ParliamentSpeeches

Peter Bottomley – 2022 Speech in the No Confidence in the Government Motion

The speech made by Peter Bottomley, the Father of the House, in the House of Commons on 18 July 2022.

In June 2016, there was a vote of no confidence in the then leader of the Labour party. I do not know whether the present leader of the Labour party voted yes or no. If he can remember, did he vote confidence or no confidence in his predecessor?

In 2019, his predecessor moved a motion of no confidence in the Government, saying that the issue should be put to the people. It was put to the people in the 2019 general election, and the present Government came in with a majority of 80.

I have it on reasonable authority that the deputy leader of the Labour party has said today that Boris was, in effect, the magic that helped. [Interruption.] I am glad that the right hon. Member for Ashton-under-Lyne (Angela Rayner) has confirmed that.

The issue before the House now is whether people would have any more confidence in the Labour party becoming a Government, and the answer is no.

In June 2016, when the then leader of the Labour party lost the no confidence vote by 172 votes to 40—the 40 may have included the current Leader of the Opposition—20 of the shadow Cabinet had walked out, but the right hon. and learned Member for Holborn and St Pancras (Keir Starmer) walked in.
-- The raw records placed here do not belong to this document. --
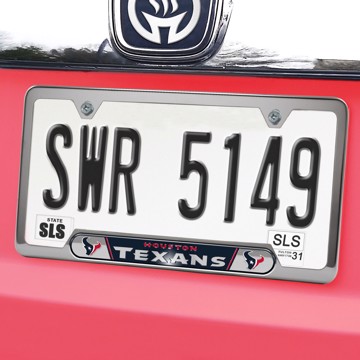 Picture of NFL - Houston Texans Embossed License Plate Frame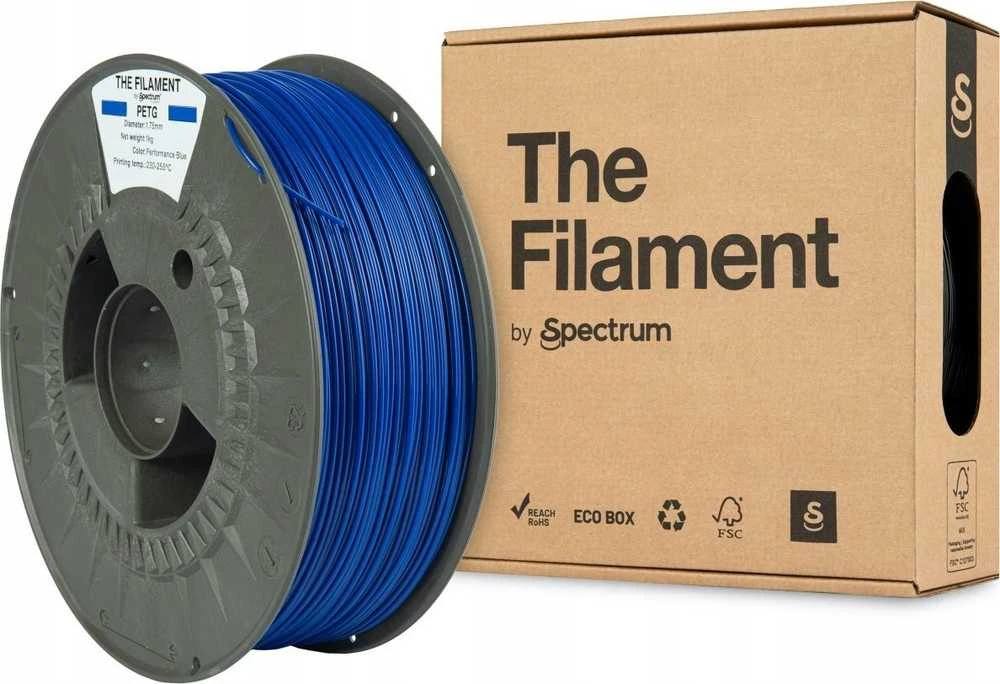 Spectrum PETG 3D spausdinimo gija su pakuote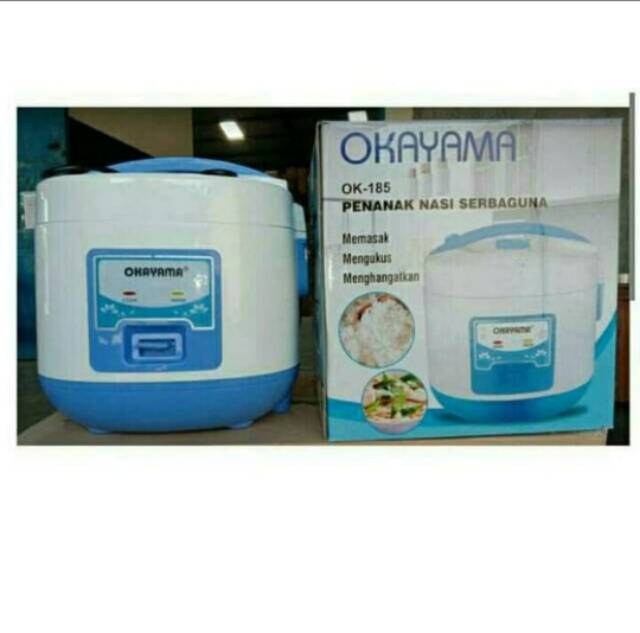 Okayama , OK-185 Magicom , Magig Com ,  Rice cooker , Menanak ,  Penanak nasi 1,8 liter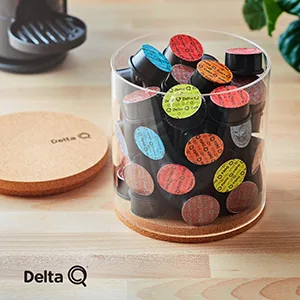 Agrib ria Etui de 10 Capsules Delta Q Qharacter N 9 Paquet de 55 g (L'emballage peut varier) - Café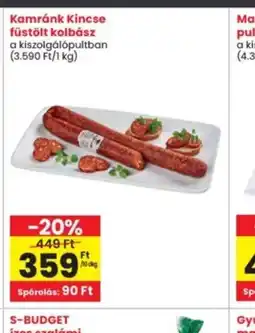 Interspar Komrák Kincse füstölt kolbász ajánlat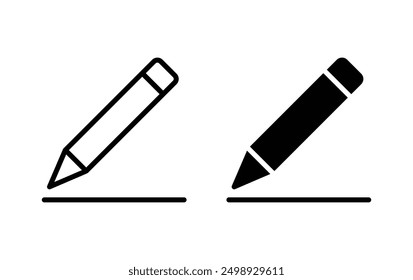 Pencil icon, Edit symbol vector 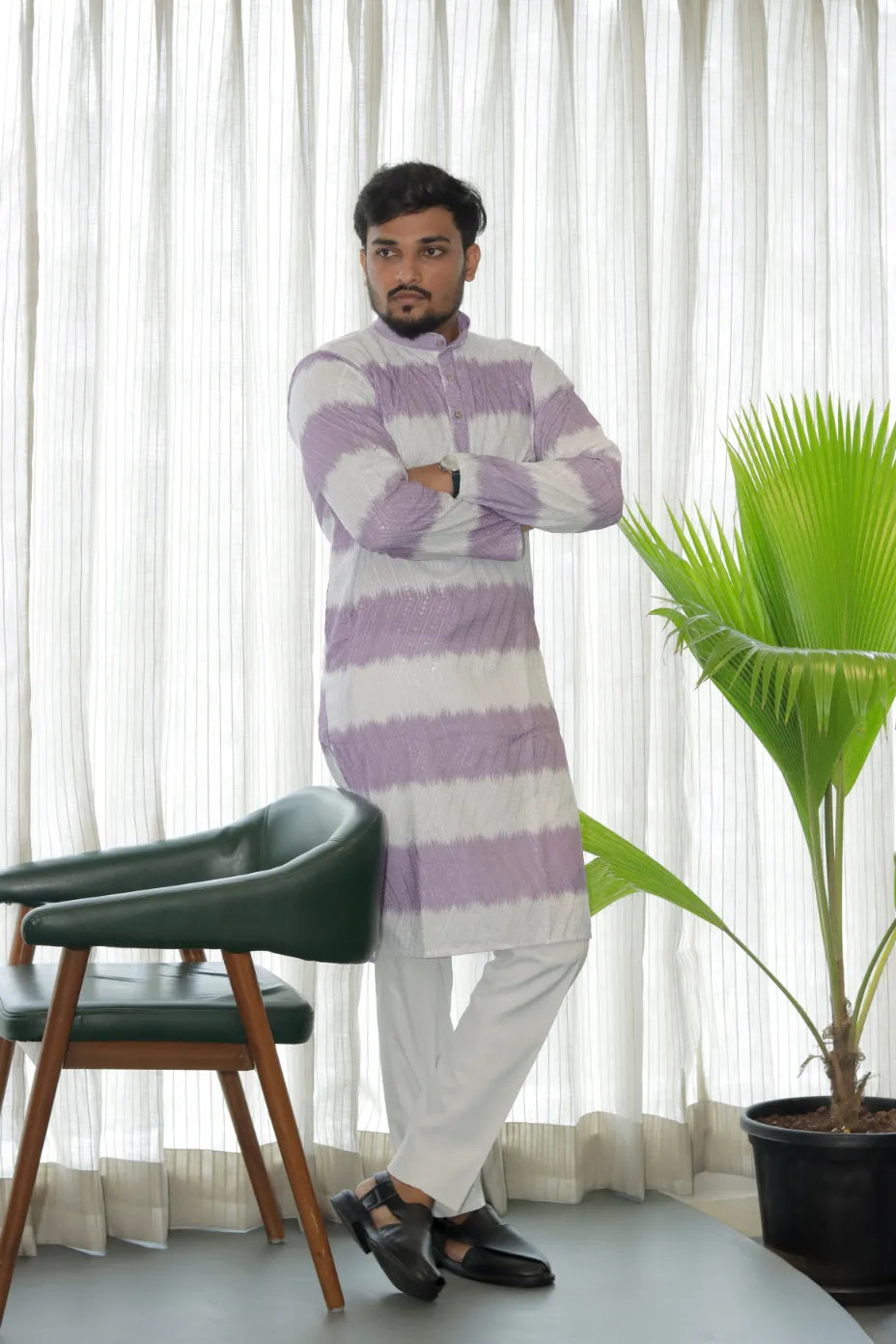 Lucknowi Printed Kurta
The interesting question is whether the way in which he has spoken today is part of a leadership bid to take over the Labour party properly rather than just in name.

He describes himself as red and green, but mixing red and green together produces an unpleasant kind of brown. Does he accept that the Labour party is not yet trusted by the British people?

By voting confidence in the Government, this House will be saying, as the British people did in 2019, that we prefer us in government, not them.

That is not to say that the Government have got everything right. If I were taking part in the Thursday Sir David Amess debate, I could list the things on which the Government could make changes.

I want them to drop the privatisation of Channel 4, as there is no point in it, and I want them to reconsider the question of whether the Holocaust Memorial should be in Victoria Tower Gardens. There are a number of other issues that I could take up.

The issue today is: do we want to change the party of Government, and the answer is no. I rest my case there.